# Work order
In your copy, drop the images and return each record exactly as it stands.

# Short web captions

----

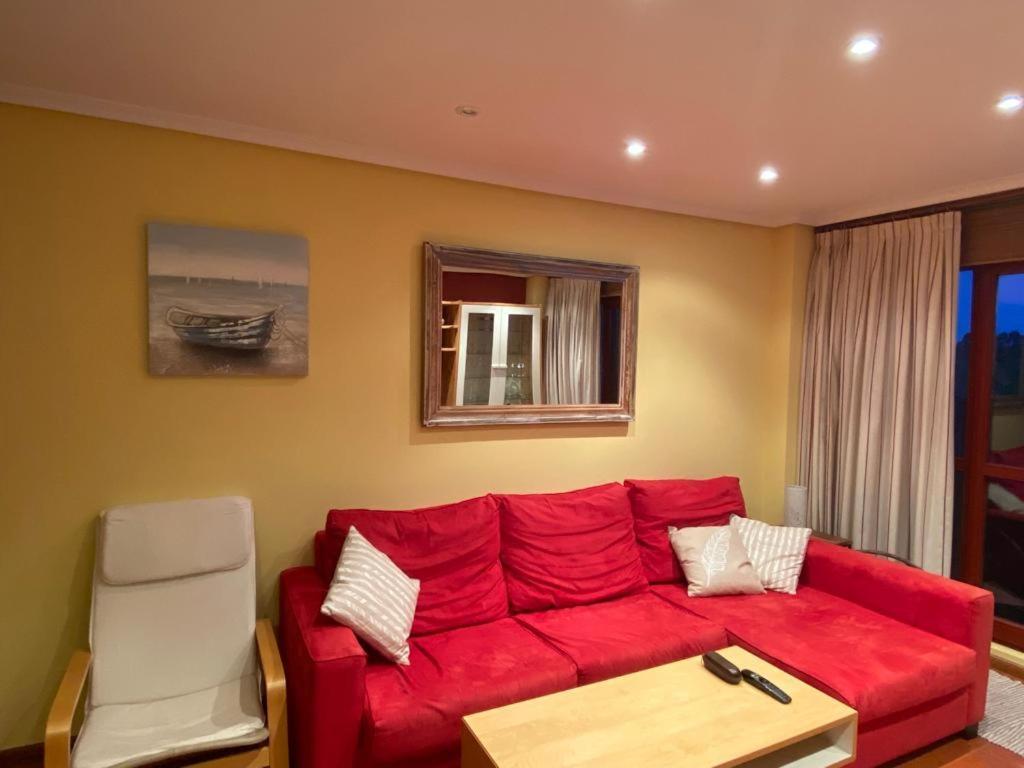 Apartamento En Complejo Residencial Rovacias Комильяс Экстерьер фото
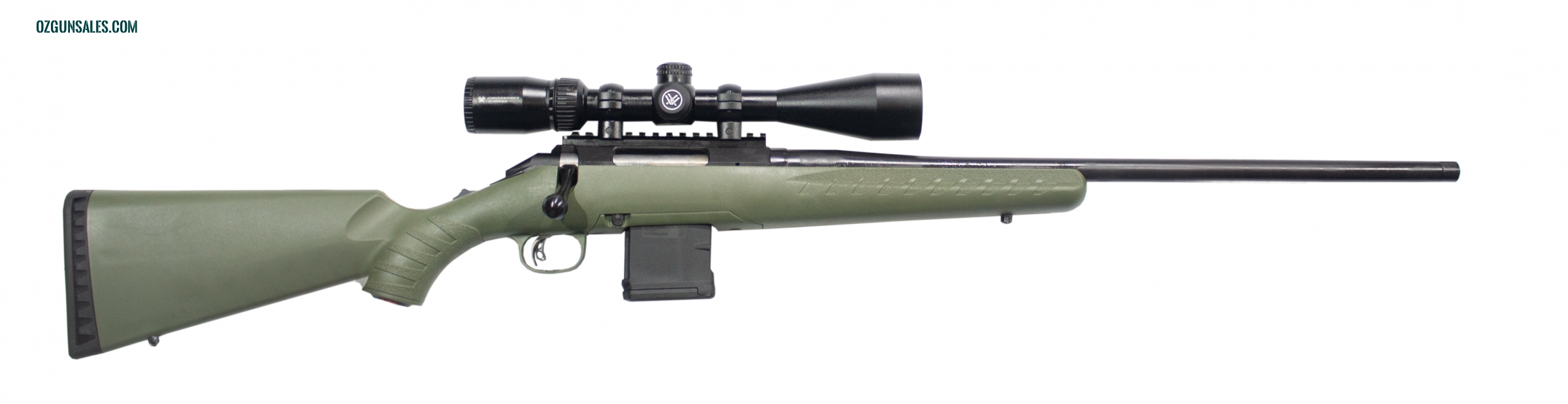 RUGER AMERICAN PREDATOR 223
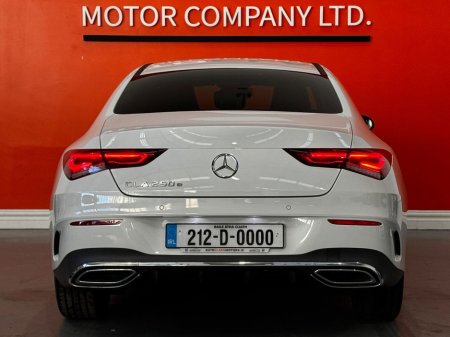 2021 Mercedes-Benz CLA Class CLA 250 E AMG LINE PREMIUM #62 €30,950 thumbnail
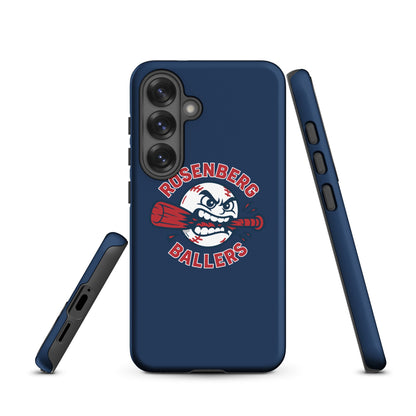 Tough Case for Samsung® | Rosenberg Ballers | Vanguard Logo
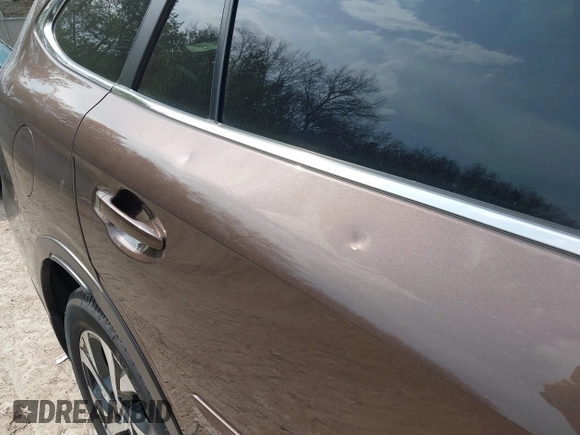 2022 Subaru Outback Limited z VIN 4S4BTANC8N3197171, wystawiony jako IAAI lot #42142957 z przebiegiem 49 991 mil mil oraz . Historia ofert i sprzedaży dostępna na DreamBid. Obrazek 19.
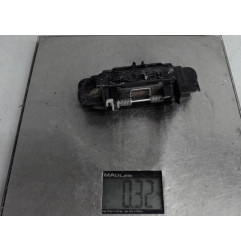 Poignee porte avant droit AUDI A3 2 Photo n°3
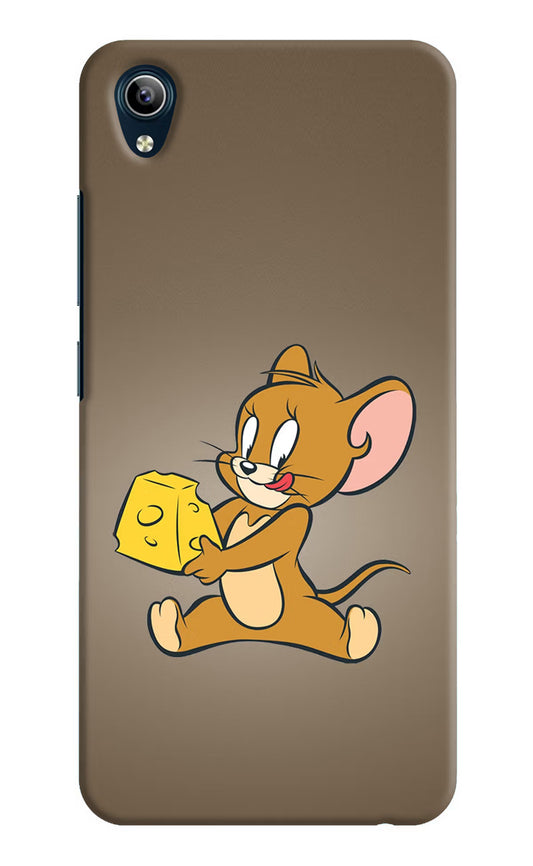 Jerry Vivo Y91i/Y1s Hard Case Back Cover by Casekaro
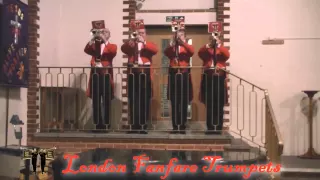 The London Fanfare Trumpets - Fanfare 3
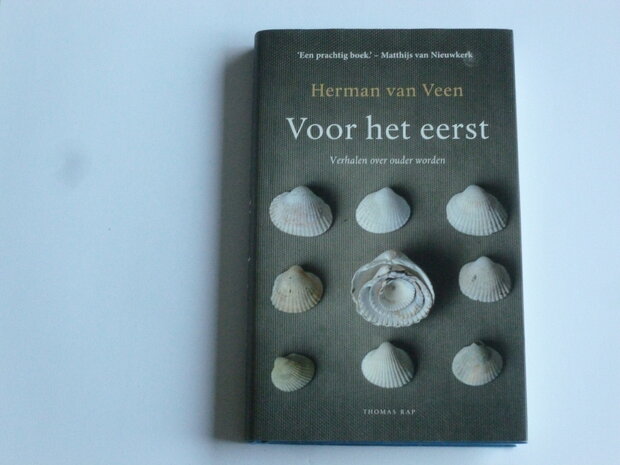Herman van Veen - Voor het eerst (boek)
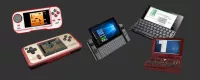 Handhelds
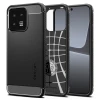 Чохол Spigen Rugged Armor для Xiaomi 13 Matte Black (ACS05323)
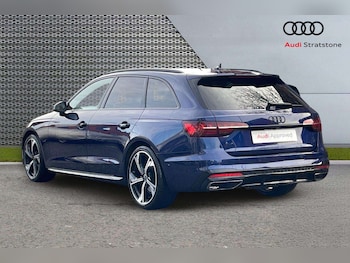 Used Audi A4 2023 for sale - 76755260: Photo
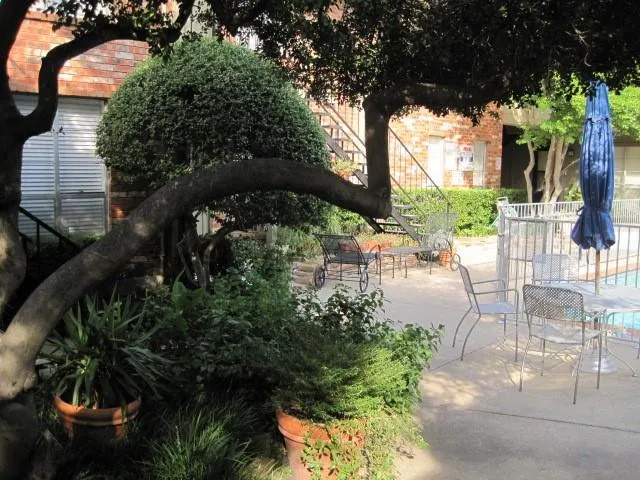 a view of outdoor space yard and patio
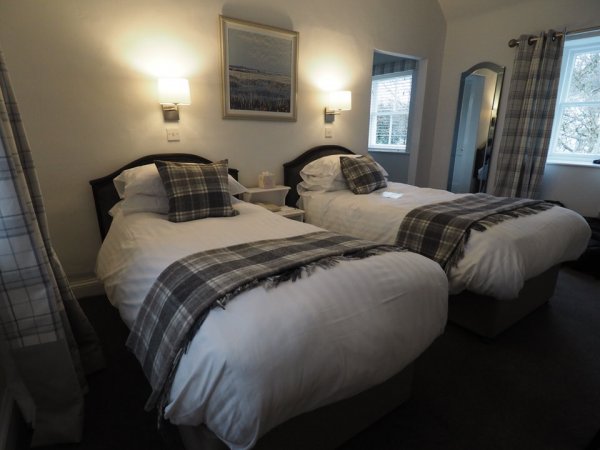 Kirkcudbright Selkirk Arms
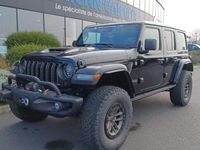 Occasion Jeep Wrangler Rubicon 470 ch (345 kW) 2024 Noir SUV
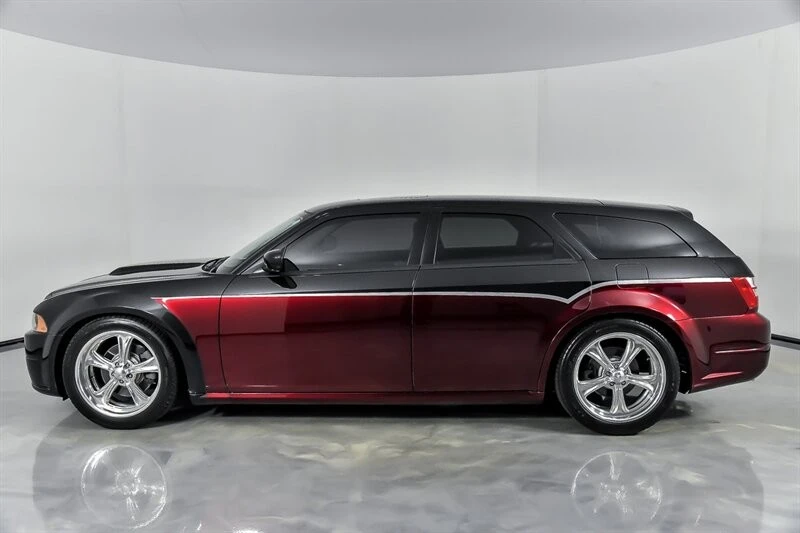 2005 Dodge Magnum 2nd Gen Wagon - Image 7 of 21
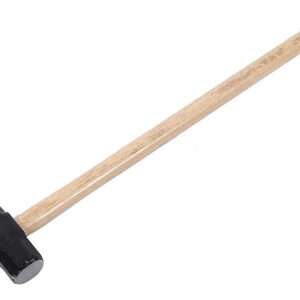 Marteau de luge avec poignée en fibre de verre-10 lb-marteau de construction de démolition robuste avec poignée antidérapante résistante aux chocs pour l'ingénierie Maçonnerie Menuiserie Aménagement paysager et bricolage Amélioration de l'habitat
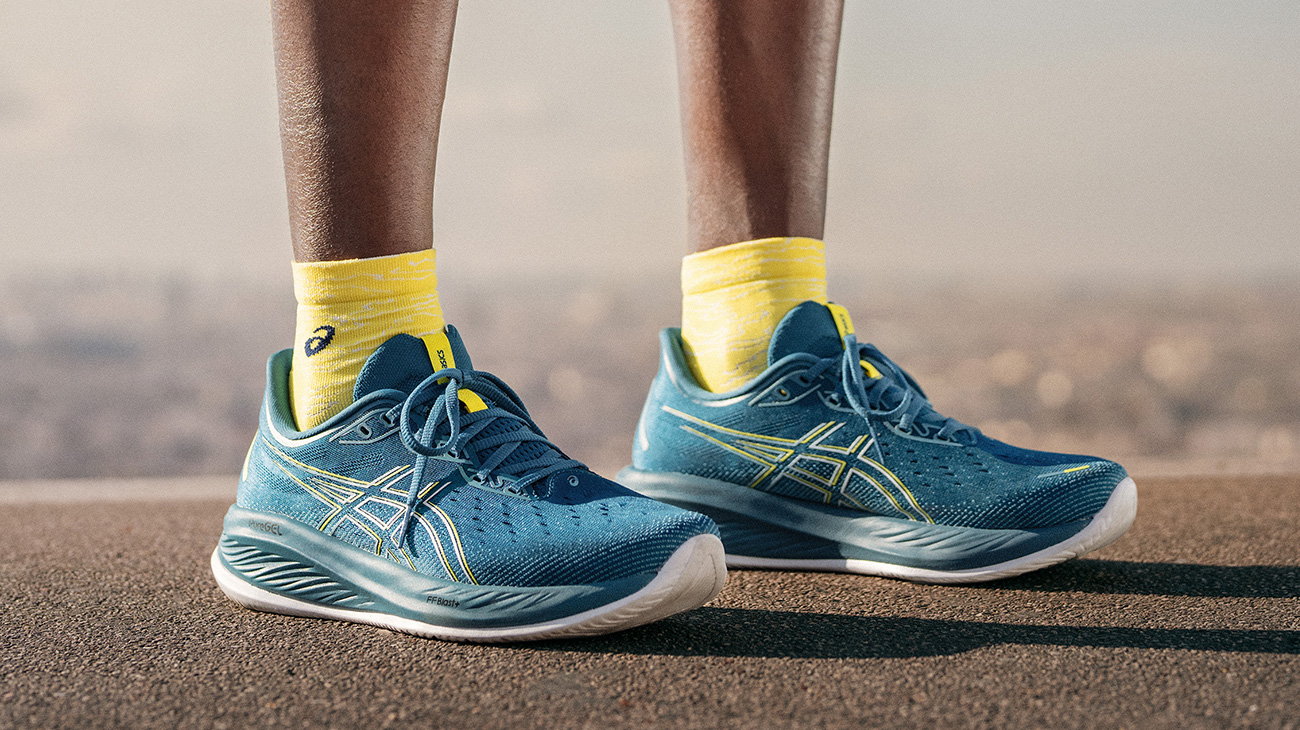 Asics Gel-Cumulus 26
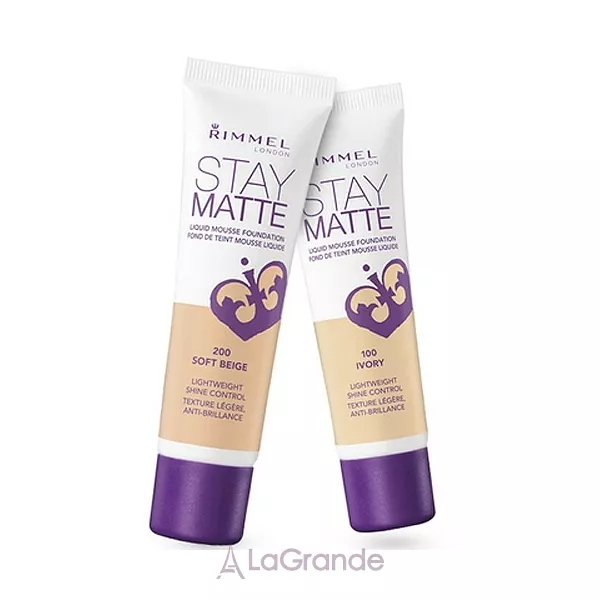 Rimmel Stay Matte ��������� ���� ����������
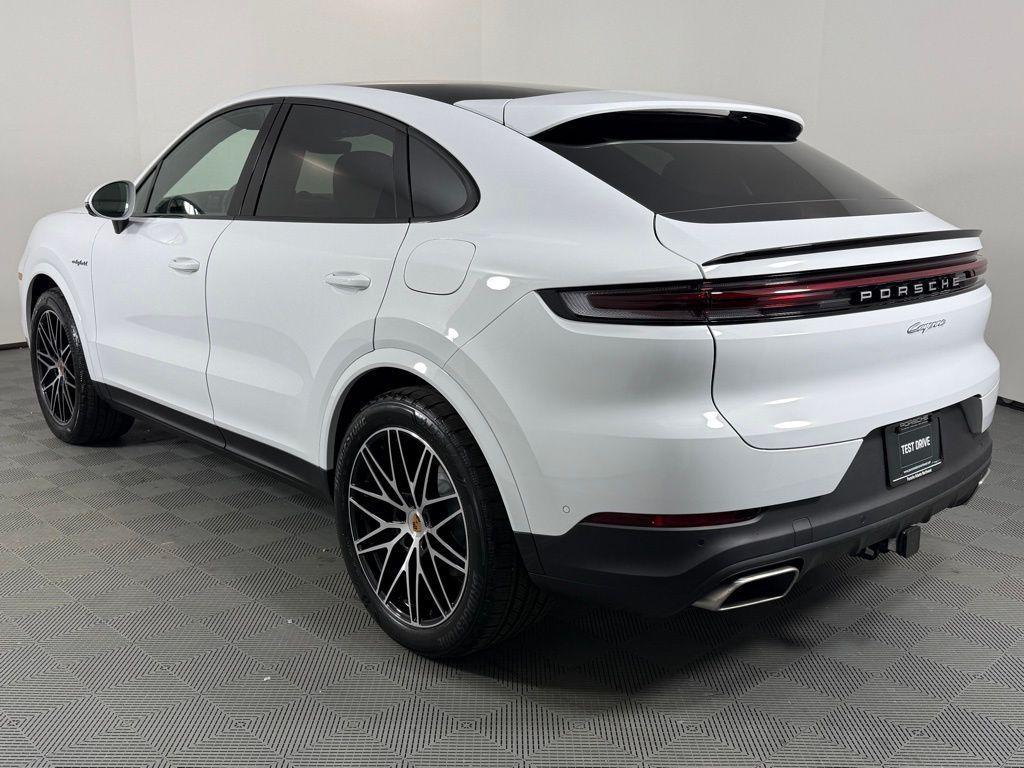 new 2026 Porsche Cayenne car, priced at $127,600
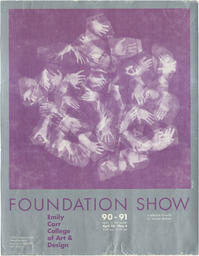 Foundation show 1990 - 1991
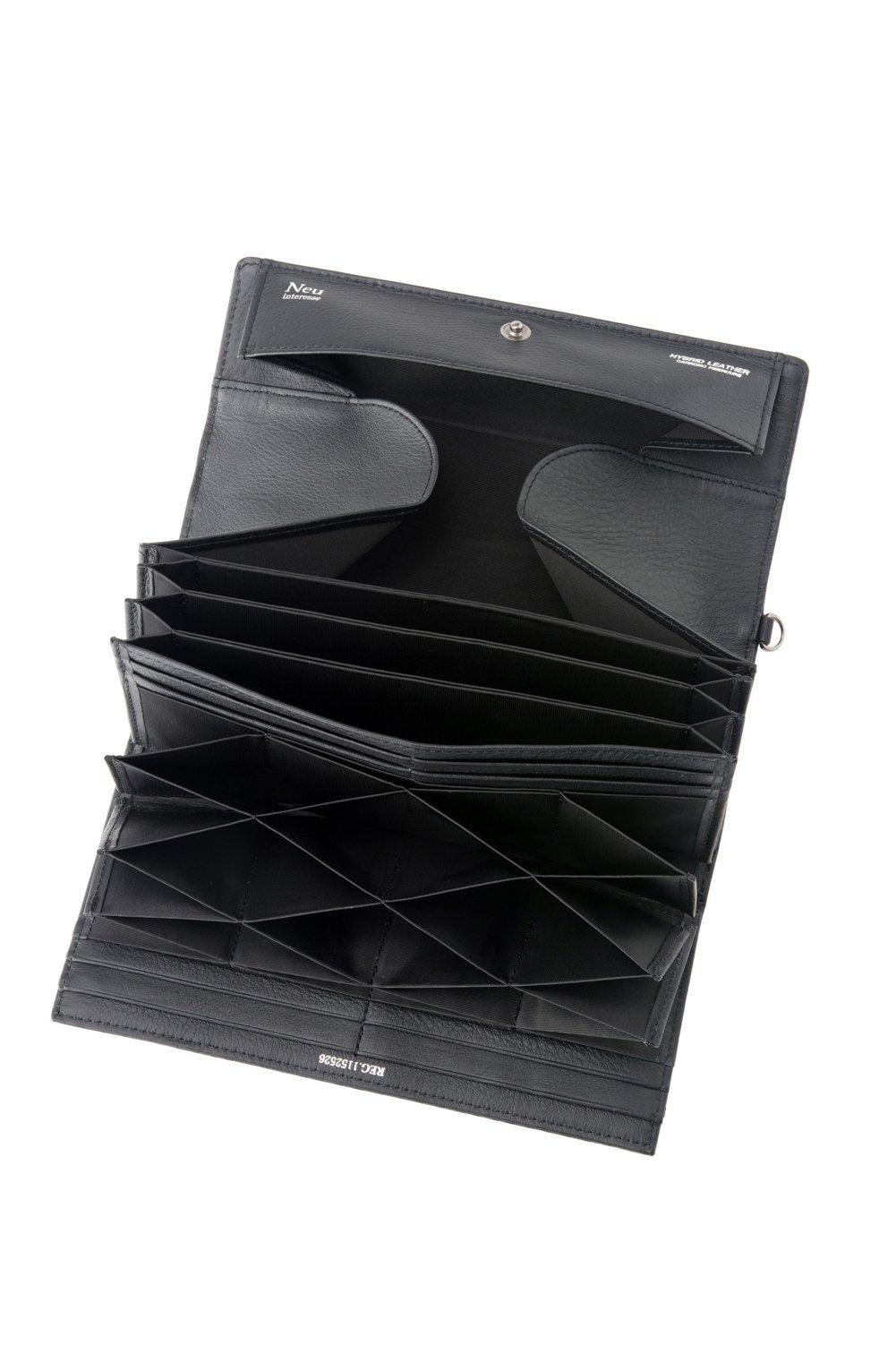 

Новый интерес Fibercure Твил Соты Большой Воловья кожа День Черный x 000922 Кошелек, Карбон, Гарсон, Кожа, Вместимость, Кожа, Подарок отцу, Черный,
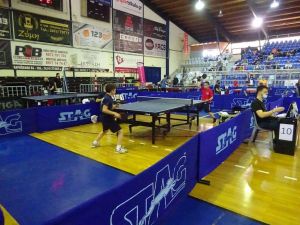 Ο Σ.Ε.Α. ΚΟΖΑΝΗΣ Πανελλήνιο Αναπτυξιακό Πρωτάθλημα Τρικάλων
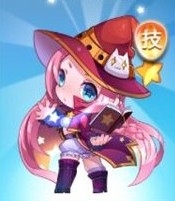 天天酷跑小魔女搭配方法 新人物上架時間講解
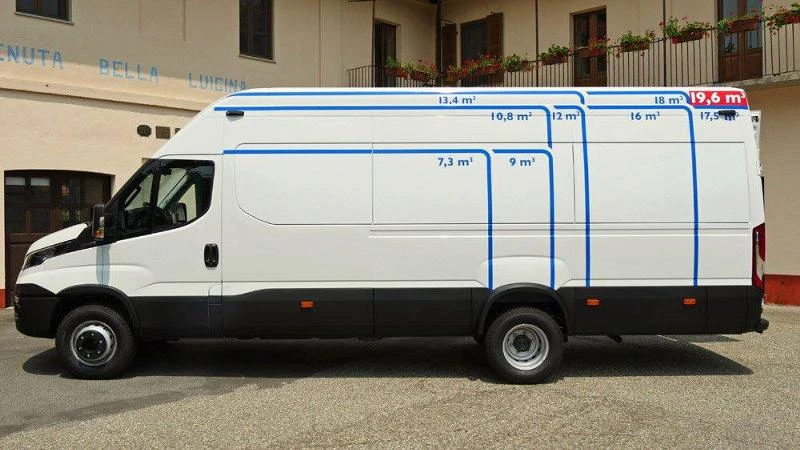 Iveco Daily 35C15, снимка 12 - Бусове и автобуси - 21409791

----

# Solution for this task
 Apartamento En Complejo Residencial Rovacias Комильяс Экстерьер фото
 RUGER AMERICAN PREDATOR 223
 2021 Mercedes-Benz CLA Class CLA 250 E AMG LINE PREMIUM #62 €30,950 thumbnail
 Tough Case for Samsung® | Rosenberg Ballers | Vanguard Logo
 2022 Subaru Outback Limited z VIN 4S4BTANC8N3197171, wystawiony jako IAAI lot #42142957 z przebiegiem 49 991 mil mil oraz . Historia ofert i sprzedaży dostępna na DreamBid. Obrazek 19.
 Poignee porte avant droit AUDI A3 2 Photo n°3
 Jerry Vivo Y91i/Y1s Hard Case Back Cover by Casekaro
 The London Fanfare Trumpets - Fanfare 3
Herman van Veen - Voor het eerst (boek)
 Handhelds
 Чохол Spigen Rugged Armor для Xiaomi 13 Matte Black (ACS05323)
 Used Audi A4 2023 for sale - 76755260: Photo
 a view of outdoor space yard and patio
 Kirkcudbright Selkirk Arms
 Occasion Jeep Wrangler Rubicon 470 ch (345 kW) 2024 Noir SUV
 2005 Dodge Magnum 2nd Gen Wagon - Image 7 of 21
 Marteau de luge avec poignée en fibre de verre-10 lb-marteau de construction de démolition robuste avec poignée antidérapante résistante aux chocs pour l'ingénierie Maçonnerie Menuiserie Aménagement paysager et bricolage Amélioration de l'habitat
 Asics Gel-Cumulus 26
 Rimmel Stay Matte ��������� ���� ����������
 new 2026 Porsche Cayenne car, priced at $127,600
 Foundation show 1990 - 1991

Новый интерес Fibercure Твил Соты Большой Воловья кожа День Черный x 000922 Кошелек, Карбон, Гарсон, Кожа, Вместимость, Кожа, Подарок отцу, Черный,
 Ο Σ.Ε.Α. ΚΟΖΑΝΗΣ Πανελλήνιο Αναπτυξιακό Πρωτάθλημα Τρικάλων
 天天酷跑小魔女搭配方法 新人物上架時間講解
 Iveco Daily 35C15, снимка 12 - Бусове и автобуси - 21409791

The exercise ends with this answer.